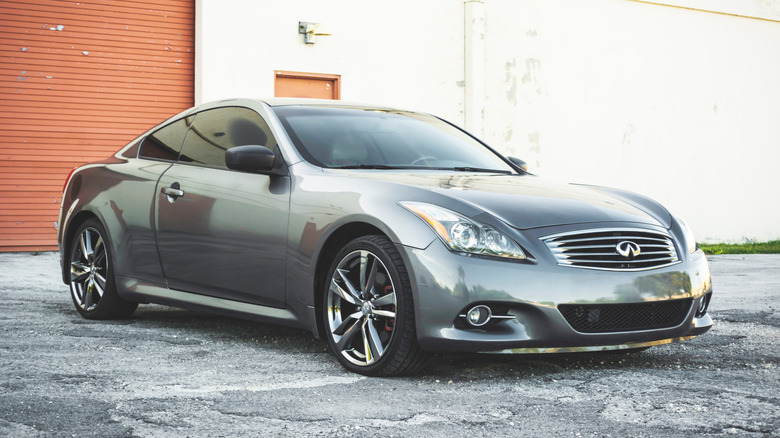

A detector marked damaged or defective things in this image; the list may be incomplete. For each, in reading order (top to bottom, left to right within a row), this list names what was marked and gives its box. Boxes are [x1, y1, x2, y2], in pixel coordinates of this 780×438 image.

cracked asphalt [0, 252, 776, 436]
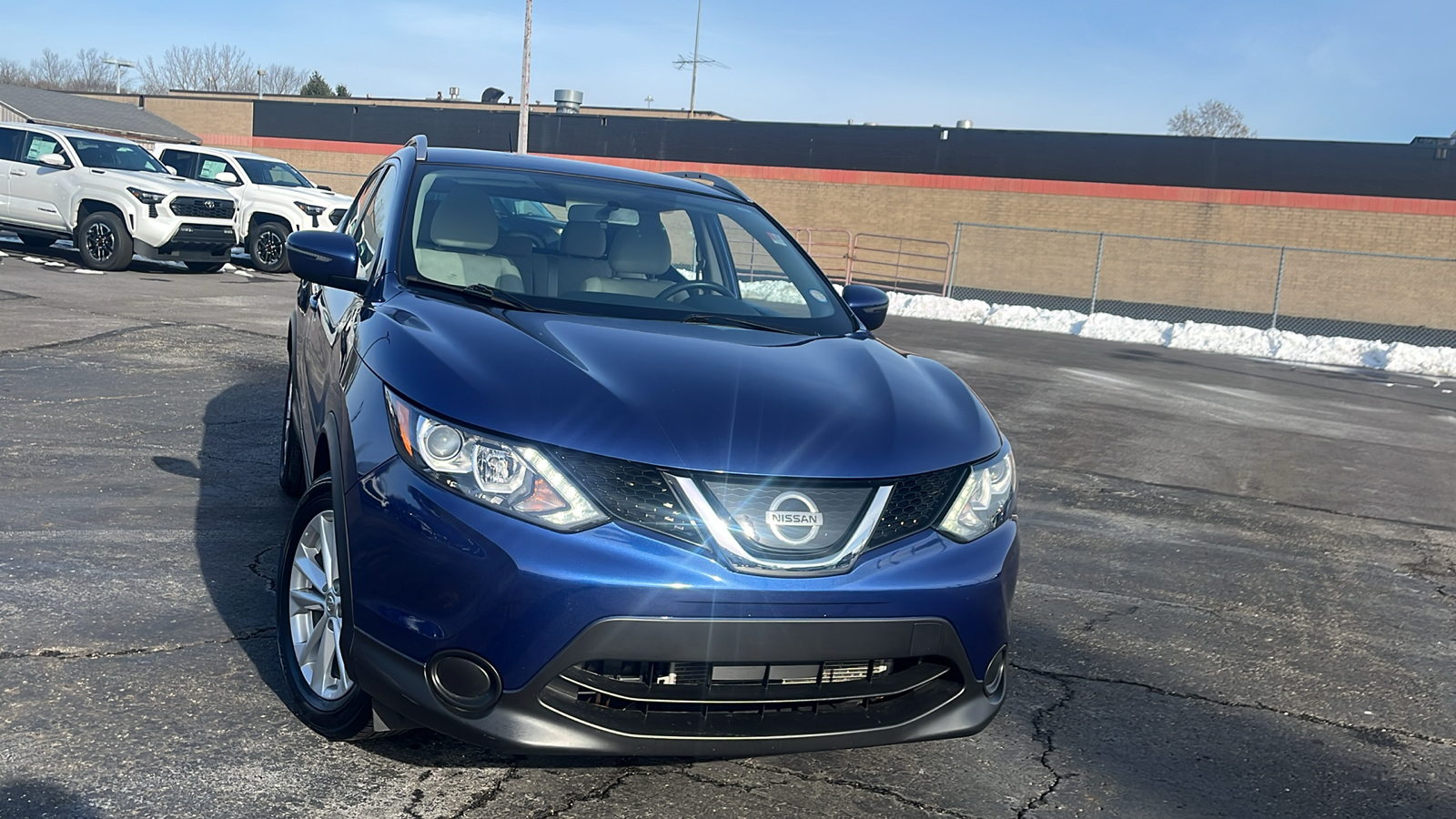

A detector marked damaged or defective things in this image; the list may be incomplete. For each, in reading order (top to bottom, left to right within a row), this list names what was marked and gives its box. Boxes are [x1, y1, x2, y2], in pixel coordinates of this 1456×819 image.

crack in asphalt [0, 623, 275, 664]
crack in asphalt [1019, 667, 1077, 810]
crack in asphalt [1013, 664, 1456, 745]
crack in asphalt [739, 757, 978, 810]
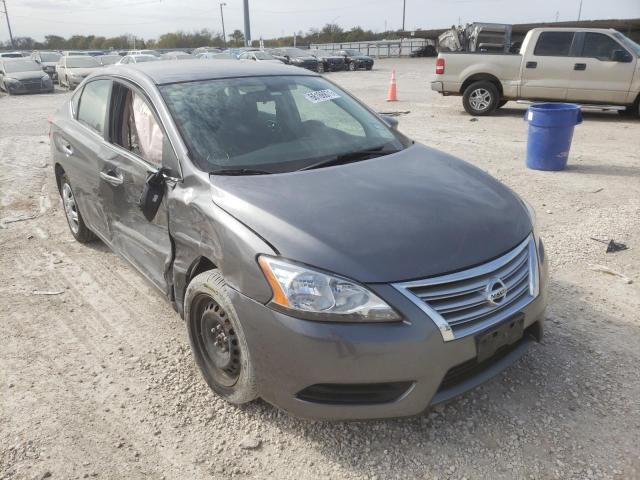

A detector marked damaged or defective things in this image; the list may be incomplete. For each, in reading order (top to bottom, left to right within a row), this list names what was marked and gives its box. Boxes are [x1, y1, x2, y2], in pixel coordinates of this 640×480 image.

damaged gray car [50, 60, 552, 420]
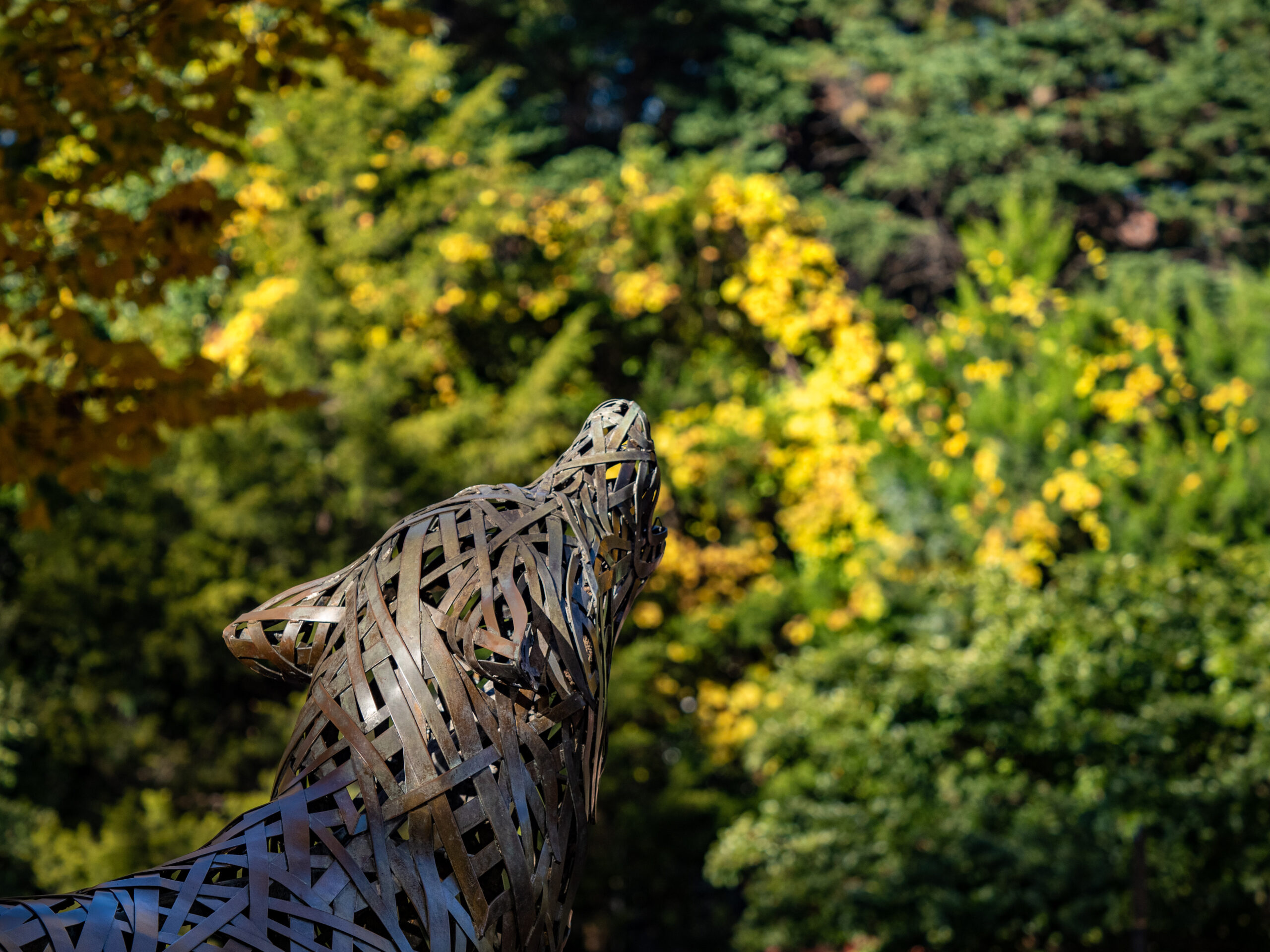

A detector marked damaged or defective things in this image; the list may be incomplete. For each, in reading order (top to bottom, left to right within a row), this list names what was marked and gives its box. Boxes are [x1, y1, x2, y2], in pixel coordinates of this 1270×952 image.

rusty steel band [0, 401, 671, 952]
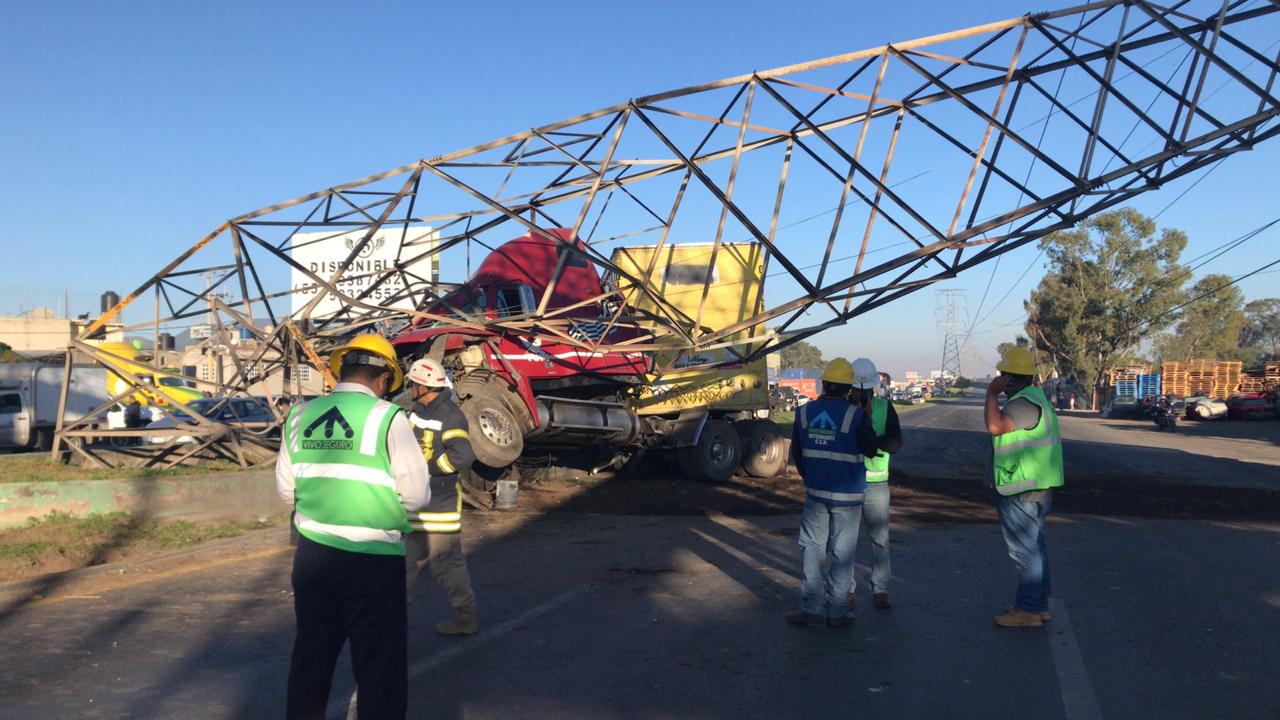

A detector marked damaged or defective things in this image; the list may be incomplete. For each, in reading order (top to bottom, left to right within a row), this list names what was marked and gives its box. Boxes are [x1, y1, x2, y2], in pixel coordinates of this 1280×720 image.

damaged truss structure [52, 0, 1280, 470]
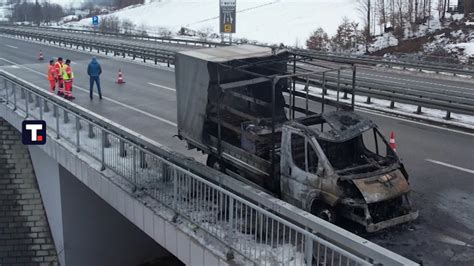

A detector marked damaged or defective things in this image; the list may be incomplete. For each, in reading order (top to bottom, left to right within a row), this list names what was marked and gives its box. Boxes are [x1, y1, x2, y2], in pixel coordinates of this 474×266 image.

burned truck [175, 44, 418, 232]
burnt cab [282, 111, 418, 232]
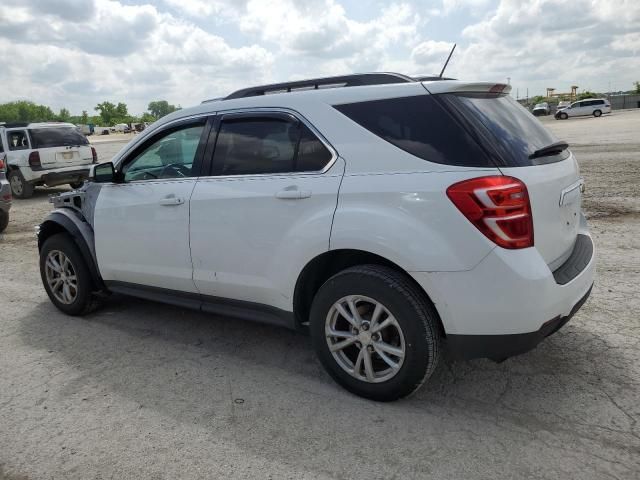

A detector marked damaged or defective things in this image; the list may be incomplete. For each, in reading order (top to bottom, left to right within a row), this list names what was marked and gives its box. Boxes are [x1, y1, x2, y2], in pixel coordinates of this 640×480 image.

damaged white suv [36, 73, 596, 400]
cracked pavement [0, 111, 636, 476]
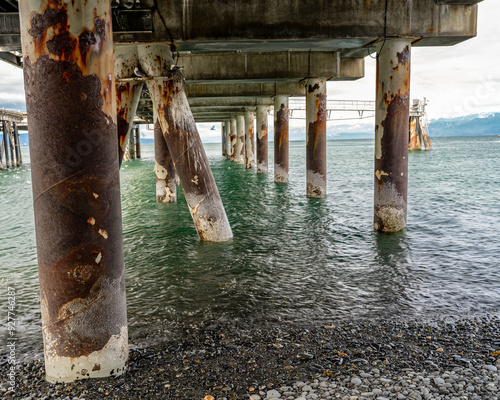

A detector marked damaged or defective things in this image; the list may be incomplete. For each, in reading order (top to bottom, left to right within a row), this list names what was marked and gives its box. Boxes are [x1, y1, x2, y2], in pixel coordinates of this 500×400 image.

rusty piling [19, 0, 129, 382]
rusty piling [114, 45, 144, 166]
rusty piling [155, 118, 177, 202]
rusty piling [139, 45, 232, 242]
rusty piling [274, 95, 290, 183]
rusty piling [304, 77, 328, 198]
rusty piling [376, 39, 410, 233]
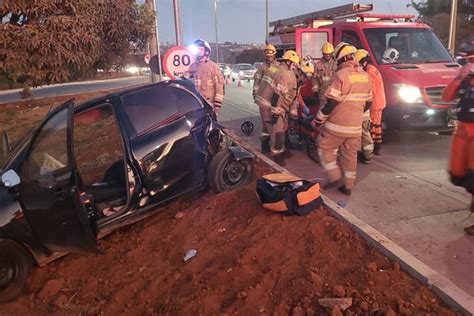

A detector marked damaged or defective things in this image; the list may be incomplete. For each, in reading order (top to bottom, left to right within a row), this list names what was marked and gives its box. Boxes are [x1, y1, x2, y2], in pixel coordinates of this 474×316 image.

wrecked black car [0, 79, 256, 302]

::::::::::

Task to carry out — The result is an exact copy of the lines from the one holding "this 500×400 image." through the final line of the data above, both ends included, minus the pictures.

Answer to this exercise —
A detector marked damaged or defective things in this image; the list may be incomplete. For each, in reading order (top to bottom, left to right within a row), this list names what was marked and gives its box. Boxes are [x1, y1, x2, y2], in pixel coordinates of this 500×400 image.

rusty piling [19, 0, 129, 382]
rusty piling [114, 45, 144, 166]
rusty piling [155, 118, 177, 202]
rusty piling [139, 45, 232, 242]
rusty piling [274, 95, 290, 183]
rusty piling [304, 77, 328, 198]
rusty piling [376, 39, 410, 233]

A detector marked damaged or defective things in this image; the list may be incomplete. For each, in reading order (top to bottom, left to right within a row), this list names what was marked and gives its box. Boxes are [x1, y1, x2, y2], in pixel coordinates of this 474×316 image.

wrecked black car [0, 79, 256, 302]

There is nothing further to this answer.